Мне оставалось только надеяться.
- Где она была? – я поднялся. Уже давно стемнело, но я больше не мог ждать. Это был первый – и единственный – ключ к поиску Лины.
- Большой склад, сразу за пределами Уайт Плэйнс. Их там была целая группа, две-три дюжины человек. – Он нахмурился. – Точно не будешь покупать?
Я все еще сжимал в руках цепочку.
- Точно, - ответил я, осторожно положив ее обратно на груду украшений. Я не хотел оставлять ее, но все, что у меня было – это пистолет, который мне дал Роджерс, и нож, который я стащил у убитого регулятора вместе с парочкой удостоверений. Мне нечем было платить.
Роджерс выяснил, что мы прошли десять миль к западу от Бристоля, штат Коннектикут; это означало, по грубым подсчетам, что нам оставалось миль сто до Нью-Йорка, и примерно семьдесят до Уайт Плэйнс. Я мог пройти тридцать миль за день, если местность позволяла, не останавливаясь на ночевку дольше, чем на пару часов.
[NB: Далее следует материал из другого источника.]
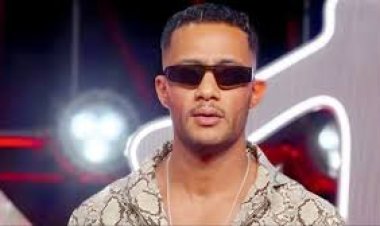 محمد رمضان يقدم العزاء لعادل إمام في وفاة شقيقته إيمان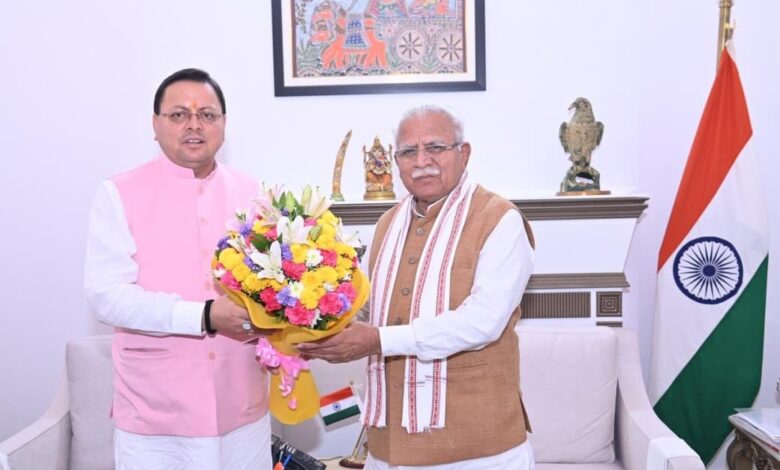 मुख्यमंत्री ने की केंद्रीय विद्युत मंत्री मनोहर लाल खट्टर से मुलाक़ात मुख्यमंत्री ने की केंद्रीय विद्युत मंत्री मनोहर लाल खट्टर से मुलाक़ात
Я должен был попытаться. Хотя я понятия не имел, куда держала путь Рэйвен и ее люди, и Лина – если она была с ними. Все это время я просил, умолял подать мне знак о том, что она жива, указать мне путь, по которому искать ее, – и мне указали.
Скажу вам кое-что о вере: она помогает.
Роджерс выдал мне рюкзак с фонариком, брезентовую палатку, чтобы я мог переночевать, и столько еды, сколько он мог дать. Он сказал, что это безумие – выдвигаться в путь сейчас, ночью, в кромешной тьме, да еще и одному. И он был прав. Это было безумием. Амор делириа нервоза. Самая смертоносная из всех смертоносных сущностей.
Иногда я думаю: а что, если они были правы все это время, все эти люди с другой стороны, из Зомбилэнда? Может, было бы лучше, если бы мы не любили. Если бы мы не теряли. Если бы наши сердца не растаптывали в прах, не разбивали вдребезги; если бы нам не приходилось латать их, ставить заплаты снова и снова, пытаясь прикрыть наши раны, до тех пор, пока мы бы не стали похожими на Франкенштейнов – монстров, покрытых швами, перебинтованных старым тряпьем.
Если бы мы могли просто плыть по течению, падать, как снег.
Таков и есть Зомбилэнд: занесенный снегом, холодный и спокойный. Как мир после снежной бури, умиротворенный, молчаливый, укутанный тишиной и абсолютно бездвижный. Во всем этом есть своя определенная красота.
Может, было бы лучше, если бы мы ничего не чувствовали.
Но разве может кто-то, кто однажды видел лето – изобилие зелени, небо, точно освещенное электричеством, яркие брызги рассвета, буйство цветов и теплый аромат меда, витающий в воздухе – выбрать зиму?